»»

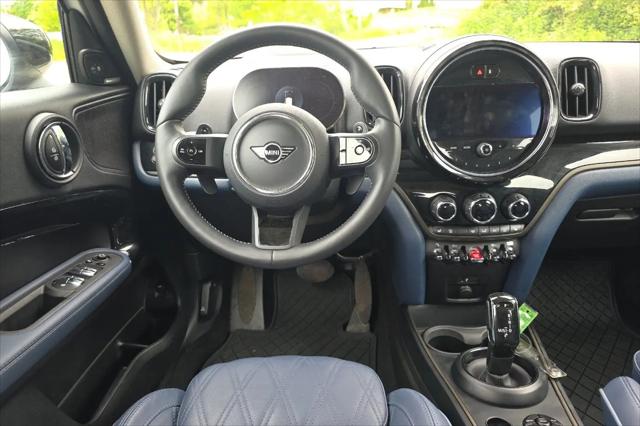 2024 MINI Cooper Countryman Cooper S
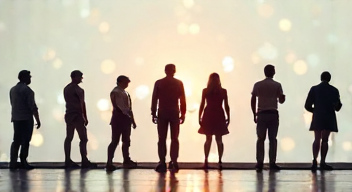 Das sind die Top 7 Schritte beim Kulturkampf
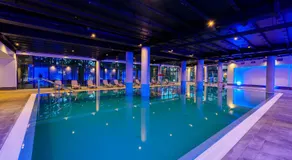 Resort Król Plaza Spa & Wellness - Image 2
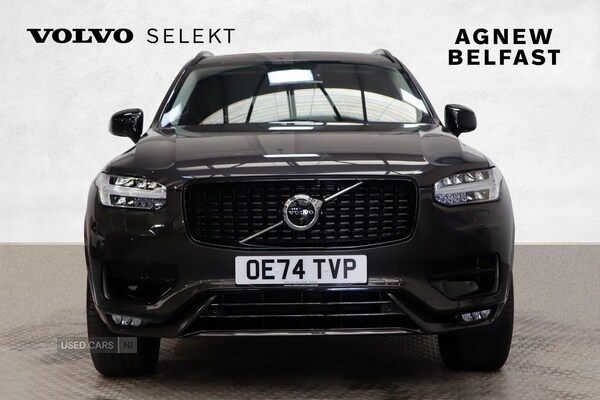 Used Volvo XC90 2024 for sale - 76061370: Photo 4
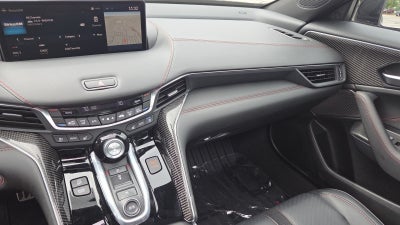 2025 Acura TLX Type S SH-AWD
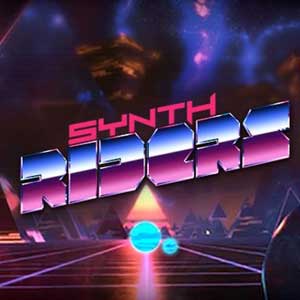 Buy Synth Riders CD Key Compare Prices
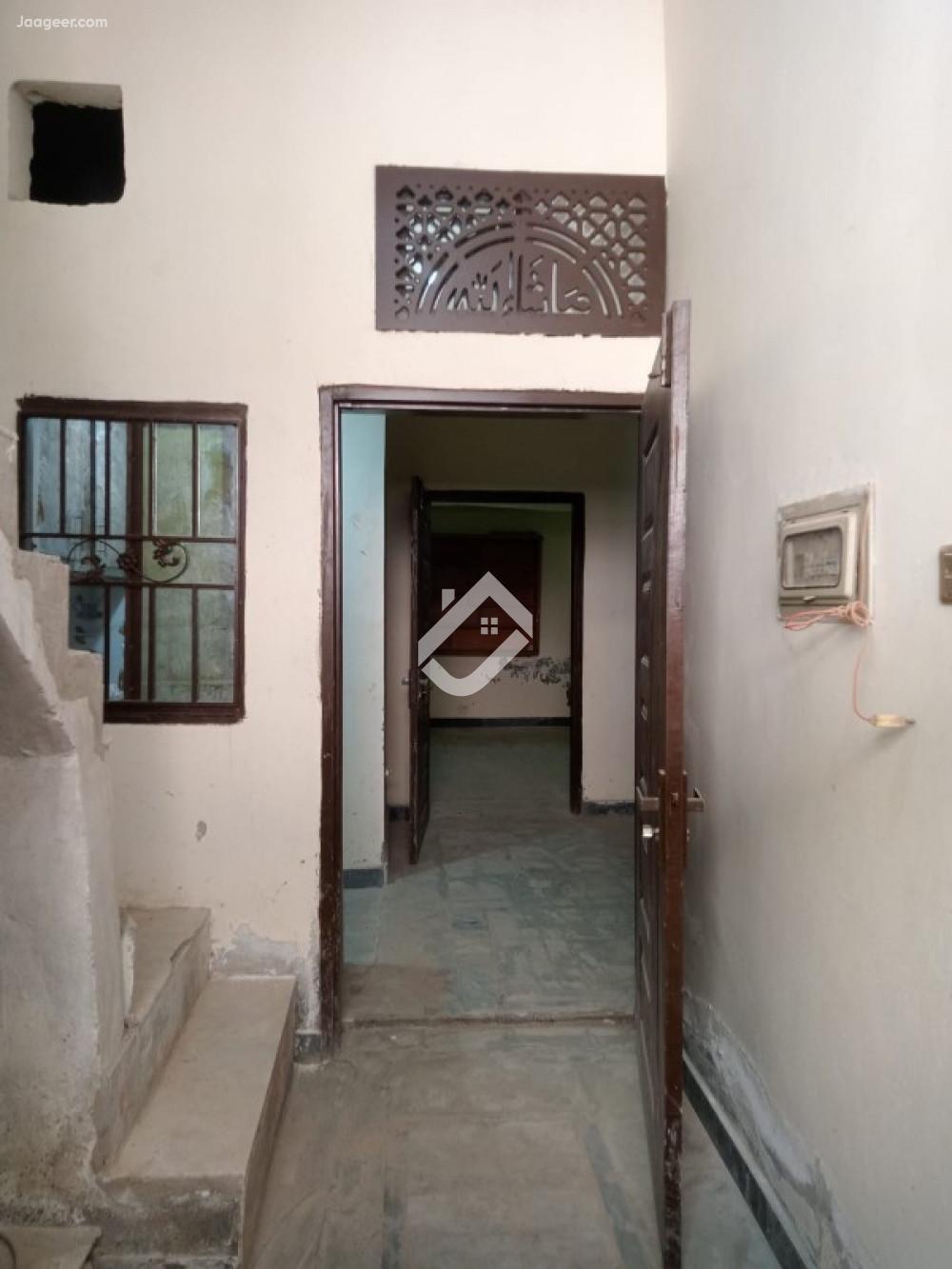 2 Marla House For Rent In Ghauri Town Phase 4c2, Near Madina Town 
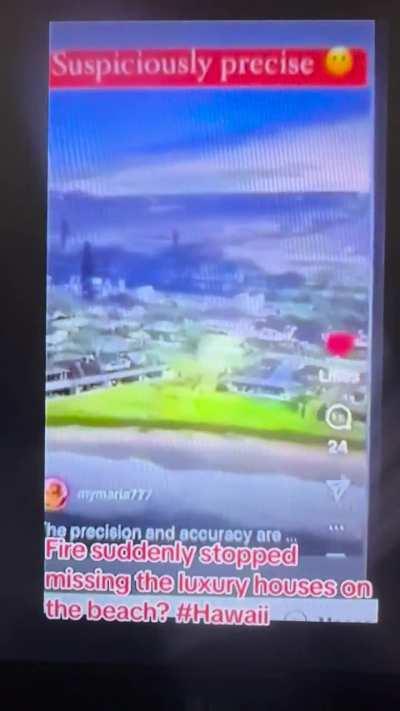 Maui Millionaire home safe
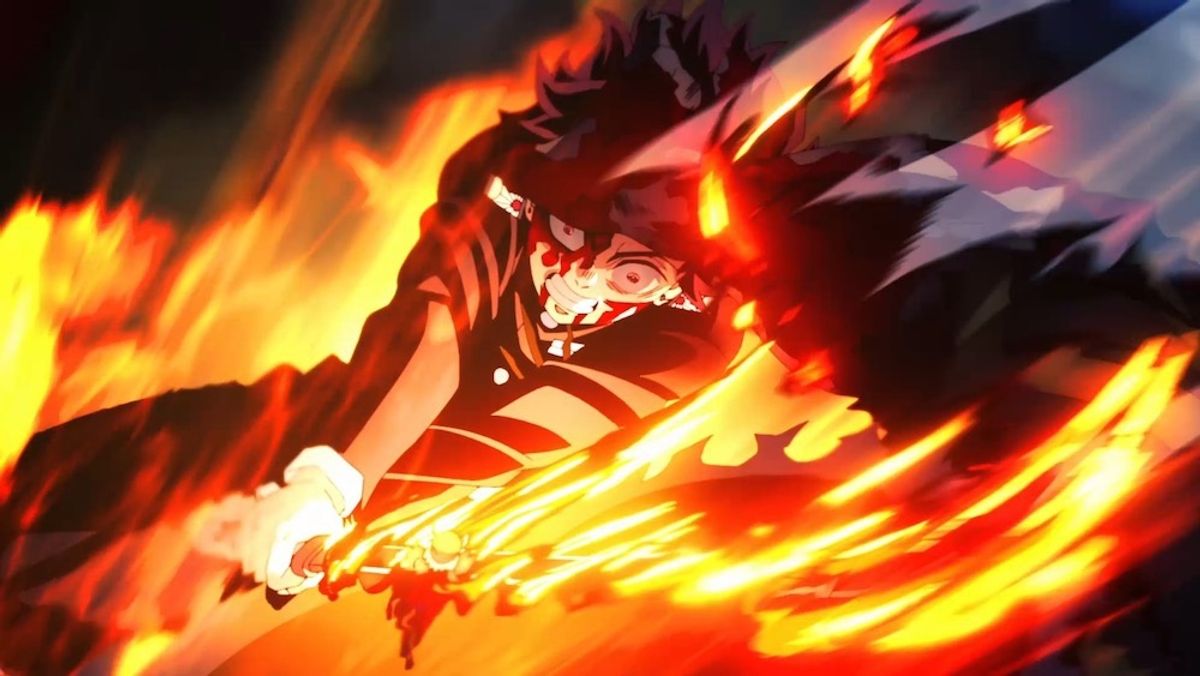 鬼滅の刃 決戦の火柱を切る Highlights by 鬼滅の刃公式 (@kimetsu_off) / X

««

> [How to complete this task]: Transcribe all of the material exactly and leave out its pictures.

> [Solution]:
 2024 MINI Cooper Countryman Cooper S
 Das sind die Top 7 Schritte beim Kulturkampf
 Resort Król Plaza Spa & Wellness - Image 2
 Used Volvo XC90 2024 for sale - 76061370: Photo 4
 2025 Acura TLX Type S SH-AWD
 Buy Synth Riders CD Key Compare Prices
 2 Marla House For Rent In Ghauri Town Phase 4c2, Near Madina Town 
 Maui Millionaire home safe
 鬼滅の刃 決戦の火柱を切る Highlights by 鬼滅の刃公式 (@kimetsu_off) / X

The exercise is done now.